━━━ EXERCISE MATERIAL ━━━

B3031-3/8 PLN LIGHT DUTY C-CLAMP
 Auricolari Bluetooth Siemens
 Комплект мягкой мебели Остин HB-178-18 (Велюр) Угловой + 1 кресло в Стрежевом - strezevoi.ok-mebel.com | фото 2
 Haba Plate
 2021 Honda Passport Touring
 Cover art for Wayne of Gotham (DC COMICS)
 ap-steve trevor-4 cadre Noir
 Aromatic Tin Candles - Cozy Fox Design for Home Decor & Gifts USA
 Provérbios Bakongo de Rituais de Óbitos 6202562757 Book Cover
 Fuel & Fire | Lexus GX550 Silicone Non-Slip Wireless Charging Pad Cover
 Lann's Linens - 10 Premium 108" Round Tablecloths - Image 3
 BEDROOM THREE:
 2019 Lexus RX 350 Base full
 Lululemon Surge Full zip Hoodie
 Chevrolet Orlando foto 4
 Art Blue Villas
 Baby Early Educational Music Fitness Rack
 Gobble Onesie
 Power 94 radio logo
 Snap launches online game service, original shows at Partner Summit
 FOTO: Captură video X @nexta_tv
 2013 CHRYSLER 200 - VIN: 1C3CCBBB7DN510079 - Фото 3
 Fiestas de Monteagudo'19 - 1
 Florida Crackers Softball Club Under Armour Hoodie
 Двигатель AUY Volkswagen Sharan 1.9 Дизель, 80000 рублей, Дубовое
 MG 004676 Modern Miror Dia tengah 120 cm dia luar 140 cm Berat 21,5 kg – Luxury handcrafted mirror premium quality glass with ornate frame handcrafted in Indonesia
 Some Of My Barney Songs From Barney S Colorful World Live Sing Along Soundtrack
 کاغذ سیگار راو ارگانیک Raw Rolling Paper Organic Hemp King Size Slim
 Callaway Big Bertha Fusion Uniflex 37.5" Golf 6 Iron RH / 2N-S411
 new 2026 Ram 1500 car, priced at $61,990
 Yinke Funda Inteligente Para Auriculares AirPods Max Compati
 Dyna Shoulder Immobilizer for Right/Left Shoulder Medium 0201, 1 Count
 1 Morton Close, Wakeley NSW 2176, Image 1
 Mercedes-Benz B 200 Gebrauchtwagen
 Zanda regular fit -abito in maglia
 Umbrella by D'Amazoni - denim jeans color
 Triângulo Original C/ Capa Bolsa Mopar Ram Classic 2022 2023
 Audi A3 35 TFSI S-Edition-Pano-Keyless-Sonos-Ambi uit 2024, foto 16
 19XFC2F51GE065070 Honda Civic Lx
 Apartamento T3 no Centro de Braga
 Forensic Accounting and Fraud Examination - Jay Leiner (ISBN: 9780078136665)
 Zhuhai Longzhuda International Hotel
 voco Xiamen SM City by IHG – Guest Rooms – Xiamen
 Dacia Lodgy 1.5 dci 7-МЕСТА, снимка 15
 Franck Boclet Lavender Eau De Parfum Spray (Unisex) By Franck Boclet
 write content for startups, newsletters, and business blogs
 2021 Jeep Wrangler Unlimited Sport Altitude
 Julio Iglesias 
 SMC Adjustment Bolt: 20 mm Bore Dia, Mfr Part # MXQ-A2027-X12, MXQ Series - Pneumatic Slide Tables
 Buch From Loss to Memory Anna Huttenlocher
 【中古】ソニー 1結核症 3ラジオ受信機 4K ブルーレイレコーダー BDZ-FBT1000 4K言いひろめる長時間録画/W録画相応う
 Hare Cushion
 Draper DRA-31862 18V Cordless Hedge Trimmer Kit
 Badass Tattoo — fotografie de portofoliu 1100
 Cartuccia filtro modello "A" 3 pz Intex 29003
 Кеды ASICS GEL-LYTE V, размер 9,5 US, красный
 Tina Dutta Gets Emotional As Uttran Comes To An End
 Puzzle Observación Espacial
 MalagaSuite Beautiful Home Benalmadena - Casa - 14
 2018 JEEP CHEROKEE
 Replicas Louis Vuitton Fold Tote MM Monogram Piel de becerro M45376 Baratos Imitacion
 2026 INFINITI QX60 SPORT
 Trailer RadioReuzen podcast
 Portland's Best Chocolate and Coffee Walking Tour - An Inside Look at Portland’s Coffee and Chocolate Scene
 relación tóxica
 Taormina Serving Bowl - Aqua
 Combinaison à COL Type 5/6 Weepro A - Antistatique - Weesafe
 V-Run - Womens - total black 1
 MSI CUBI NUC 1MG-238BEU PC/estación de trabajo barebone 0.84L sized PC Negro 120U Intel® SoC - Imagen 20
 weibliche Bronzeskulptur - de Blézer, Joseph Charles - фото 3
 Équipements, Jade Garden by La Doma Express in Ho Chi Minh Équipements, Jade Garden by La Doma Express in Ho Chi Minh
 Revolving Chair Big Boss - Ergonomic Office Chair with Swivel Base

━━━

• [GOAL OF THE EXERCISE]: Whenever the word "Hoodie" shows up in a line of the entries, copy that line.

• [RESPONSE FOR THIS EXERCISE]:
 Lululemon Surge Full zip Hoodie
 Florida Crackers Softball Club Under Armour Hoodie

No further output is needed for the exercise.